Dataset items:
------

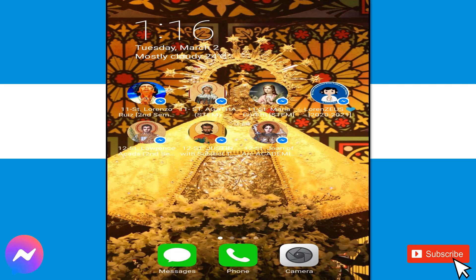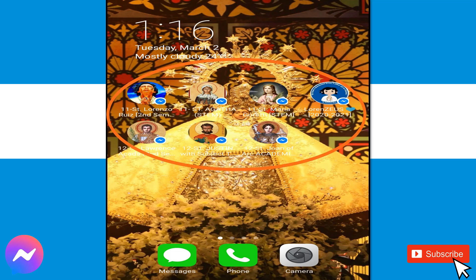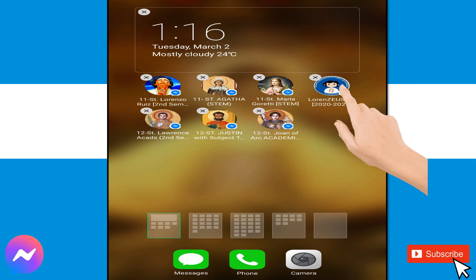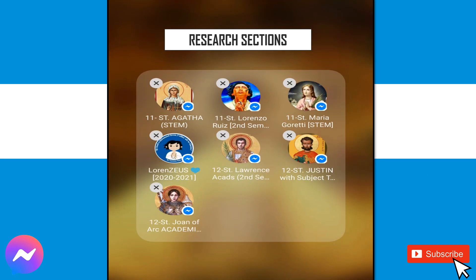So, paano ninyo ito ipag-iisa ng folder sa home screen ninyo? Simple as it is. All you have to do is i-drag mo yung bawat GC isa-isa, o what I mean, pag-isahin mo lang silang folder. Halimbawa, ipatong mo yung Lorenzo's GC doon sa 11th St. Lorenzo GC. Gawin mo isa-isa. Kapag ginawa na ninyo, drag nyo na isa-isa — this will appear. Tada! Nasa isang folder na sila.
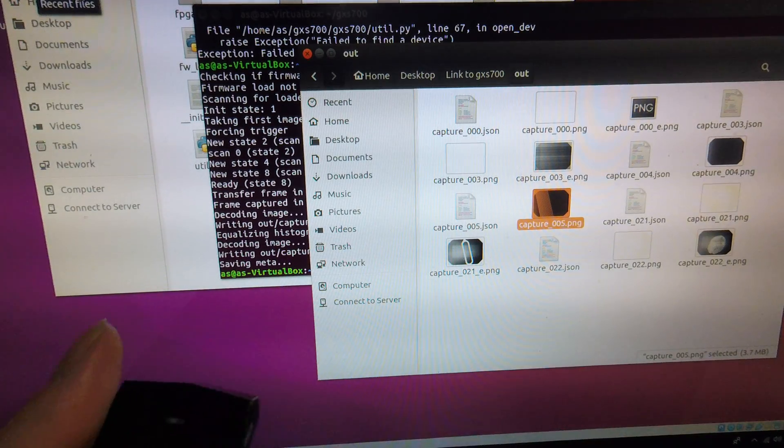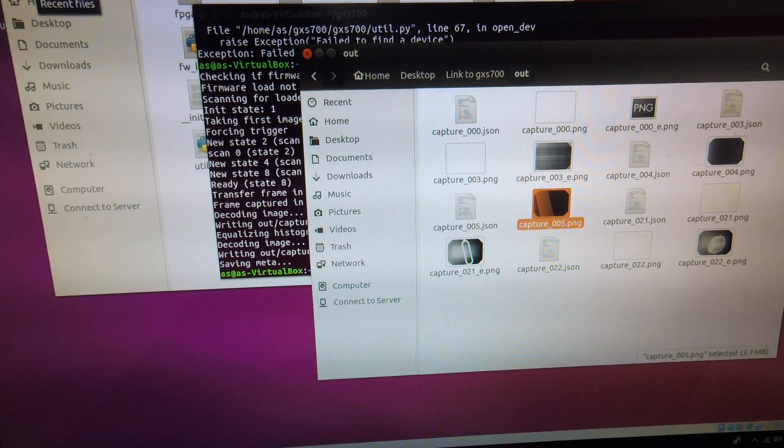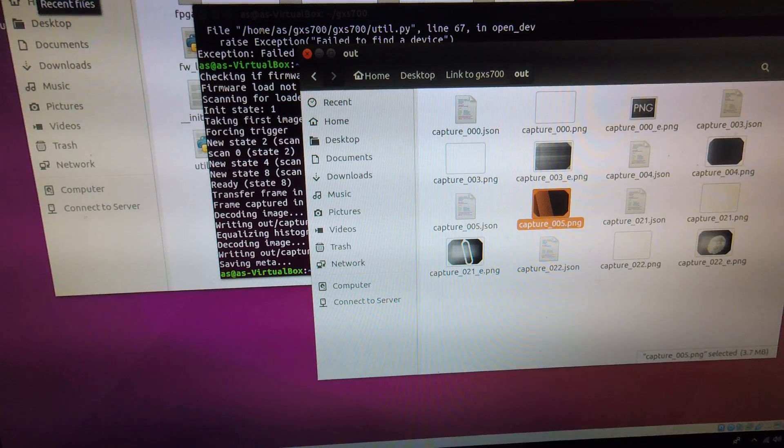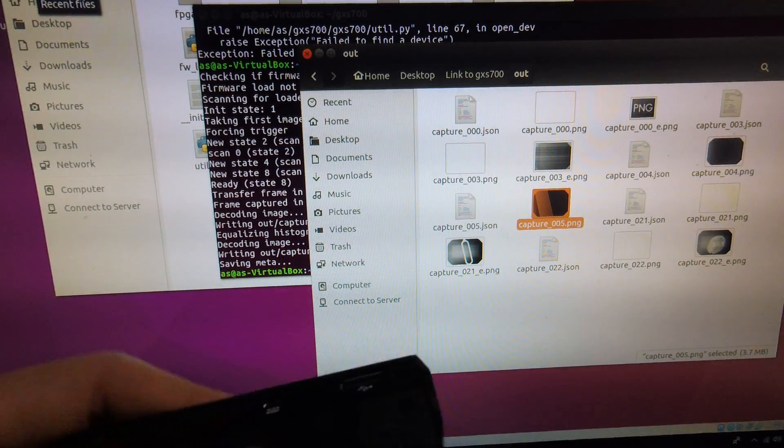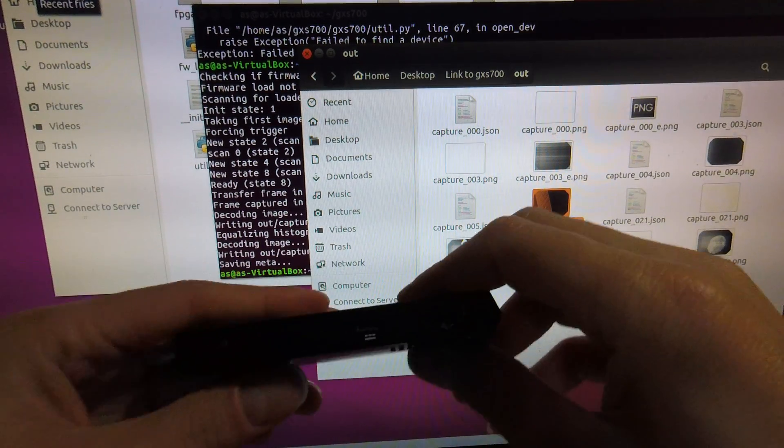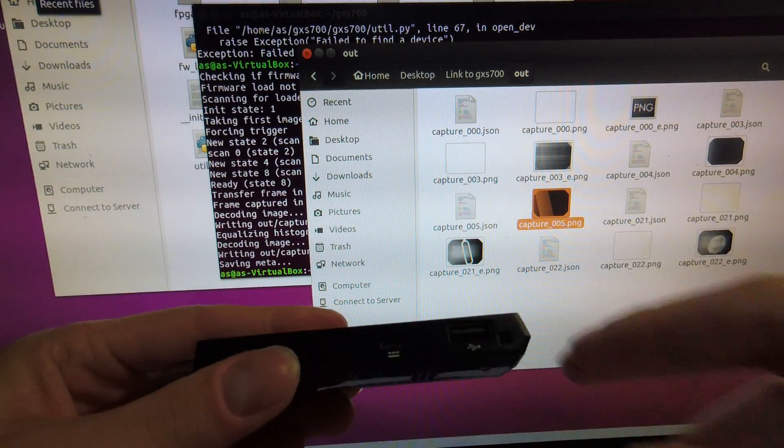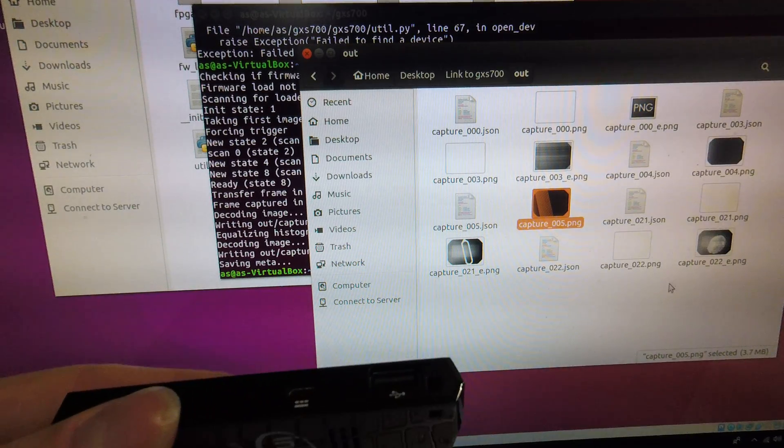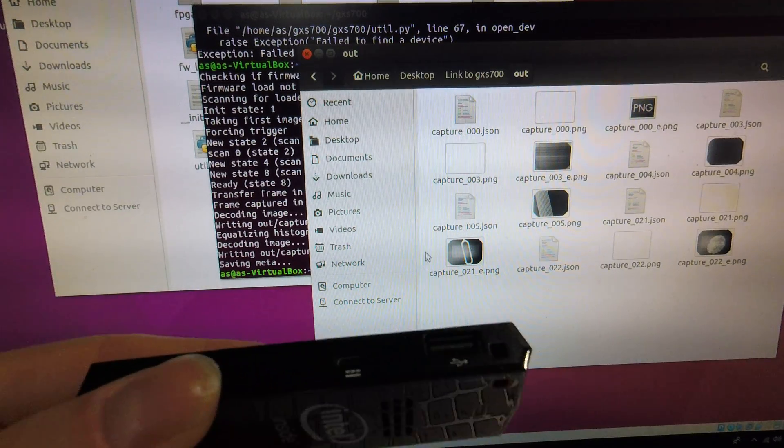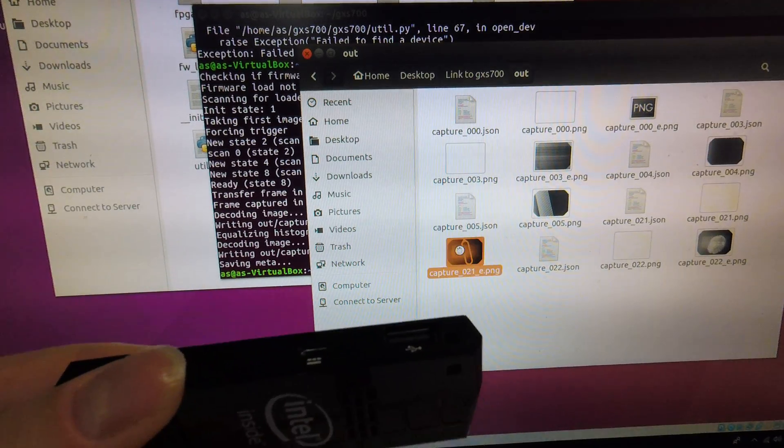This will not automatically trigger the sensor so you'll have to force exposure but it will register detection on the sensor.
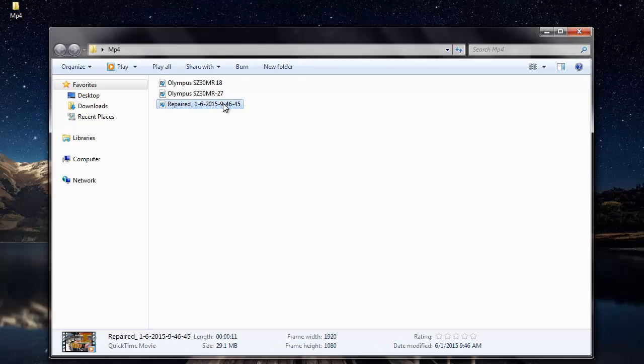The software makes sure that all synchronization errors in your MP4 video are fixed in no time. You can just visit the link that I've provided below and download the software to your computer. All it takes is just a few minutes to repair your corrupted MP4 video with the help of this particular repair software. Thanks for watching.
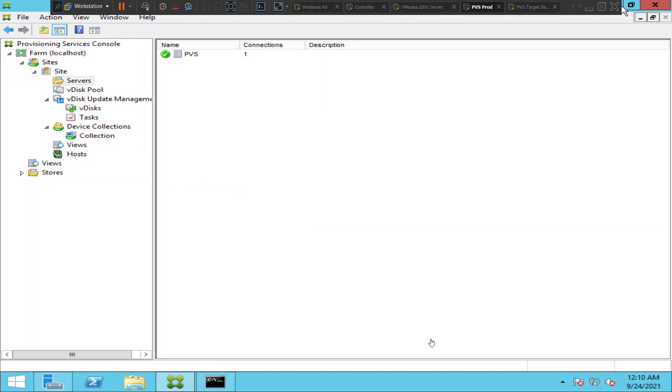Hi everyone, in this video I would like to show how to start, stop, and restart stream service on provisioning server using provisioning services console. Usually when you want to check any services on the server, we go to services.msc, the traditional way.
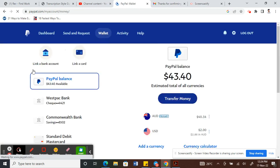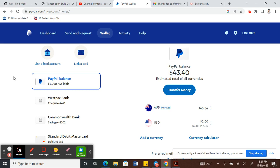The only way to verify your PayPal account is to have it linked to your bank account. Once you successfully link your bank account to PayPal, your PayPal account is automatically verified. To do that, hit on the 'Link to Bank Account' option.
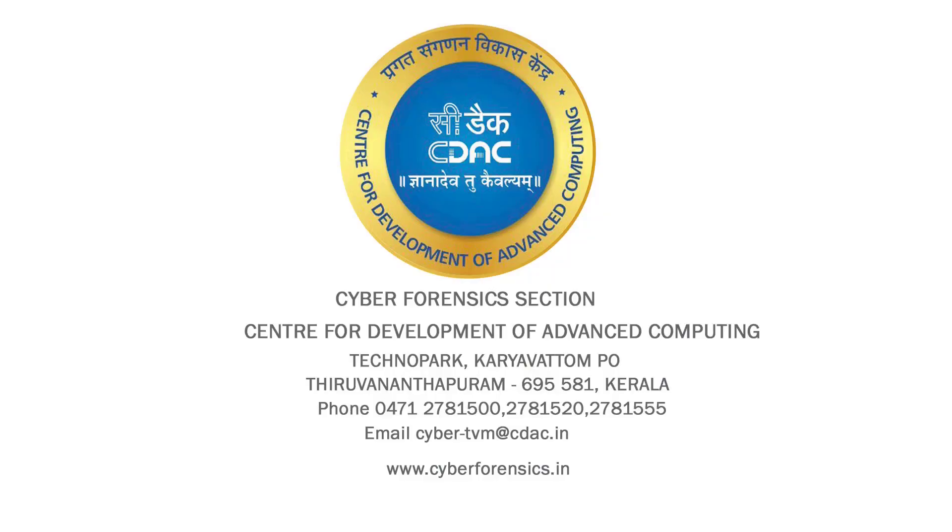For more details, contact Center for Development of Advanced Computing www.cyberforensics.in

------

Brief: If a line comes after the line with "This will not", it stays out; print exactly every line from the start of the entries up to and including that line, but no pictures.

Completed exercise:
So, paano ninyo ito ipag-iisa ng folder sa home screen ninyo? Simple as it is. All you have to do is i-drag mo yung bawat GC isa-isa, o what I mean, pag-isahin mo lang silang folder. Halimbawa, ipatong mo yung Lorenzo's GC doon sa 11th St. Lorenzo GC. Gawin mo isa-isa. Kapag ginawa na ninyo, drag nyo na isa-isa — this will appear. Tada! Nasa isang folder na sila.
This will not automatically trigger the sensor so you'll have to force exposure but it will register detection on the sensor.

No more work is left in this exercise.